A charter is a document which serves the purpose of granting some rights or privileges, as Serbian rulers used to do by issuing them to the Church, landed nobility and sometimes even to the privileged cities. The Charter of Hilandar by Stefan Nemanja dating from 1198/1199 is the oldest Serbian legal written source. The Serbian monarchs wrote their charters in Slavic, and later, with the Serbian Empire, in Greek. They were written on paper or parchment, which was known to perish fast, as a result of which just a small number of charters have been preserved. A charter was composed of an introduction, body of the text and conclusion, while each of the parts mentioned contained its smaller parts. Charters can be classified as those relating to monasteries, cities and landed nobility, out of which the greatest number belonged to the category of monastery charters. Out of 165 monastery charters, the most important is the aforesaid Charter of Hilandar, which served as the basis for the foundation of the Hilandar Monastery. Nemanja's son, Stefan the First-Crowned endowed the Žiča monastery in 1220 and on two more occasions later with the charters whose text has been preserved on the monastery's walls thus bringing important information about marital law of that time to us. Some other important charters are: Skopje charter from 1299/1300, by which king Milutin confirmed the grants from the Byzantine and Bulgarian monarchs to Saint Đorđe Monastery near Skopje, the Banjska Charter from 1313–1318, by which king Milutin founded and endowed Banjska Monastery, king Milutin's charter for the Gračanica Monastery from 1312 was carved into an interior wall of the church, the Charters of Dečani were written in 1330 and 1343–1345, when king Stefan Dečanski provided grants for his legacy, the Charters of Prizren (1348–1353) was the means by which emperor Dušan endowed the Monastery of the Holy Archangels near Prizren. A dozen charters of the landed nobility has survived, while only one city charter has been preserved.

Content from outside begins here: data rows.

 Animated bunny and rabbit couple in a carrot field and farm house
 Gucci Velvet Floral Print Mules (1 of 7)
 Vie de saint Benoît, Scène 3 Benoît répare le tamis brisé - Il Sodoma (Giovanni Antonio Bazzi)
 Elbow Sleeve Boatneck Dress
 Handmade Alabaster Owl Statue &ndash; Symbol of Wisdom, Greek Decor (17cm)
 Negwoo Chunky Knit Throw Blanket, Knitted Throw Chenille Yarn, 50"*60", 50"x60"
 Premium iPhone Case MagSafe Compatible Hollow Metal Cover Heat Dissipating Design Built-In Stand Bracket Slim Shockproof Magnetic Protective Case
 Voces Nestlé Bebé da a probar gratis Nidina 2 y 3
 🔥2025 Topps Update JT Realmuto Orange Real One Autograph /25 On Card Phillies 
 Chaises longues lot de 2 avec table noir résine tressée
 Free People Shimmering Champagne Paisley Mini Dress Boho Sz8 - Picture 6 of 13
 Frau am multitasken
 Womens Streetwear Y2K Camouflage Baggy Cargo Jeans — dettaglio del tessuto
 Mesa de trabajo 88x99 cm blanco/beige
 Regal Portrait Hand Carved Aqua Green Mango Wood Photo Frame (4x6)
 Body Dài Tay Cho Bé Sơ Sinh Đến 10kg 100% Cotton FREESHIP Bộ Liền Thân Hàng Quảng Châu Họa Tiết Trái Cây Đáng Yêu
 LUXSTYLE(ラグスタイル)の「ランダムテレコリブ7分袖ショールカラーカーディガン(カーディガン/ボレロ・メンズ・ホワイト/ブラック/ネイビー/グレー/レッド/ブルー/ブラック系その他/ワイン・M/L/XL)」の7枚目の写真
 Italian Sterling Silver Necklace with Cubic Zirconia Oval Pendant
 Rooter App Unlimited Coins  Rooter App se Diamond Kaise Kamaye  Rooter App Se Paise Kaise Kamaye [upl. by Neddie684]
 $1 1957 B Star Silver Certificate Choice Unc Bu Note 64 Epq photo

=== Statutes for maritime cities ===

The basic legal sources of the maritime communities such as Kotor, Budva, Skadar, Bar and Ulcinj were statutes. These included provisions stipulating the rights and obligations of the power holders, family law and law of wills, organization of authority, property law and law of contract, criminal law and court proceedings. The laws differed according to the city's level of autonomy. The statutes of Kotor, Budva and Skadar have been preserved.

=== Mining Code ===

Stefan Lazarević promulgated the Mining Code in 1412. That Code was intended for all miners and mines of Novo Brdo. As the citizens requested, Despot Stefan demanded that a body consisting of 24 people be formed. Their task was to draft a new law and submit it to Despot Stefan for its confirmation and issuance in the form of a charter. The aim of this Code was to ensure an efficient and undisturbed performance of mining activities. The first out of two parts of this Code had 51 articles regulating the right of ventilation and conducting air through other trenches as well as the relations related to the open cut mine and mine pits. The other one containing 22 articles stipulated taxes and duties. A large number of provisions had been transferred to a so-called Saxon law at the time of Suleiman the Magnificent’s rule (1520-1566) and these provisions were translated into the Ottoman Turkish language. There is a well preserved transcript of the Mining Code in the Latin alphabet dating back to the 17th century.